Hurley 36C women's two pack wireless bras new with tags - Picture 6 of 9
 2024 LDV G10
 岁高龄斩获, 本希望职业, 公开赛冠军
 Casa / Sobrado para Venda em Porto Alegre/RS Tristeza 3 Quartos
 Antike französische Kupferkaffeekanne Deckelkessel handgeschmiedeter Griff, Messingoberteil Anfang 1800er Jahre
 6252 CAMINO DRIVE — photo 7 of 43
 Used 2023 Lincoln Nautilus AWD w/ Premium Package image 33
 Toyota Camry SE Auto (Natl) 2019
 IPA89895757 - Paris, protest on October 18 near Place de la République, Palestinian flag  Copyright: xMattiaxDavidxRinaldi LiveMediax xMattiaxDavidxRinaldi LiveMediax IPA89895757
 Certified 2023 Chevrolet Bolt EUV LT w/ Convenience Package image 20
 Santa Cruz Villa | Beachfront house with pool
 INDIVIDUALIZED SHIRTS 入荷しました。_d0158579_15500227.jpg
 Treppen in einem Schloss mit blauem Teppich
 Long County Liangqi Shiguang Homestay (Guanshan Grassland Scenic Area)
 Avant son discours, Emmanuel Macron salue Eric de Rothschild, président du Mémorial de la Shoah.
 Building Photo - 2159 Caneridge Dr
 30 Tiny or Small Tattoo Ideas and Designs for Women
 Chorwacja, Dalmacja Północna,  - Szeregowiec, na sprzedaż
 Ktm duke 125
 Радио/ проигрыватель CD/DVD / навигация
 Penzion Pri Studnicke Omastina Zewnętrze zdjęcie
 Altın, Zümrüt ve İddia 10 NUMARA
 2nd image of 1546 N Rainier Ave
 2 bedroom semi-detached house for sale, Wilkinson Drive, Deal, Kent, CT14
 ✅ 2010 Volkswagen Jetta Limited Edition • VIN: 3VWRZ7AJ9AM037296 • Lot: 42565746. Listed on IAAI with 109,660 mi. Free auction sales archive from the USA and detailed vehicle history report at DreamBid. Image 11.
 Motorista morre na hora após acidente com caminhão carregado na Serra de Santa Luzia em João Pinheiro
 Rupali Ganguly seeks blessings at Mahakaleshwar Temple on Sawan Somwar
★ ★ ★ ★ ★
_WHAT THE TASK ASKS_. Reproduce the records above exactly, from the first line through the line containing "6252 CAMINO DRIVE — photo 7 of 43", and output nothing else.

_SOLUTION TO THIS PROBLEM_.
Hurley 36C women's two pack wireless bras new with tags - Picture 6 of 9
 2024 LDV G10
 岁高龄斩获, 本希望职业, 公开赛冠军
 Casa / Sobrado para Venda em Porto Alegre/RS Tristeza 3 Quartos
 Antike französische Kupferkaffeekanne Deckelkessel handgeschmiedeter Griff, Messingoberteil Anfang 1800er Jahre
 6252 CAMINO DRIVE — photo 7 of 43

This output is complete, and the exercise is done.